Understanding radioactive isotopes like potassium-40 helps scientists in fields like geology, where it's used for dating rocks.

Nuclear Equations

Nuclear equations represent the changes happening in an atom's nucleus during radioactive decay. Potassium-40 decays via three processes: electron capture, beta emission, and positron emission. Let's understand these processes better.
**Electron Capture**
This occurs when an inner-shell electron combines with a proton in the nucleus, transforming it into a neutron:
\[^{40}_{19}\text{K} + ^{0}_{-1}\text{e} \rightarrow ^{40}_{18}\text{Ar}\]
**Beta Emission**
This process involves the expulsion of a beta particle (electron) from the nucleus, converting a neutron to a proton:
\[^{40}_{19}\text{K} \rightarrow ^{40}_{20}\text{Ca} + ^{0}_{-1}\text{e}\]
**Positron Emission**
Here, a positron is emitted, which is the antimatter counterpart of an electron, converting a proton to a neutron:
\[^{40}_{19}\text{K} \rightarrow ^{40}_{18}\text{Ar} + ^{0}_{+1}\text{e}\]
Each of these equations shows how the nucleus changes and the new elements formed.

Half-Life

The half-life of an isotope is the time it takes for half of a given sample to decay. For potassium-40, the half-life is 1.28 billion years. This extremely long half-life means potassium-40 is incredibly stable over shorter human timescales.
Understanding half-life is vital for calculations involving radioactive decay. The half-life tells us not only about the stability of the isotope but also helps in measuring the age of objects.

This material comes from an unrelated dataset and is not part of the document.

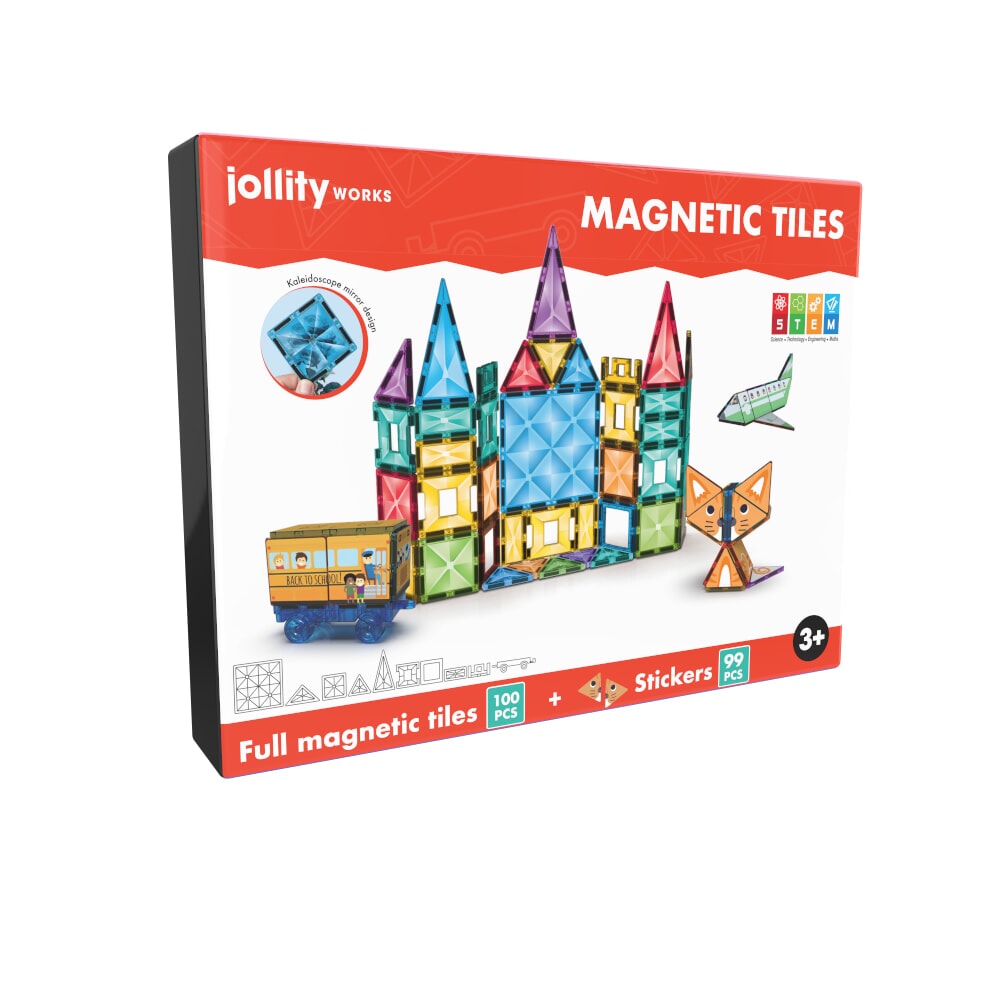 Magnetfliesen Stiel 100 Stück Jollity Works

• In forensic science, it helps in dating specimens.
• In geology, it's useful for determining the age of rocks and fossils.

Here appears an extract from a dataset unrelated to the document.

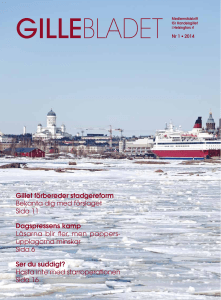 Ladda ner Gillebladet 1/2014 i PDF-format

To calculate how long it takes for a percentage of an isotope to decay, scientists use the decay constant derived from the half-life, which enables precise predictions about radioactive decay rates.

Natural Abundance

Natural abundance refers to the relative amount of an isotope present in a natural setting or sample. Potassium-40's natural abundance is just 0.0117%, a small fraction of the total potassium in the environment. Despite this, it contributes significantly to radiogenic heat in the Earth's interior and plays a role in natural radioactivity.
The calculation of natural abundance helps us determine how much of an isotope, like potassium-40, is present in compounds such as potassium chloride (KCl).

• This involves using stoichiometry to find the total number of ions.
• Subsequently, we multiply by the isotope's fractional abundance.

This way, chemists can measure the precise amounts of isotopes for various practical applications, from food analysis to soil sampling.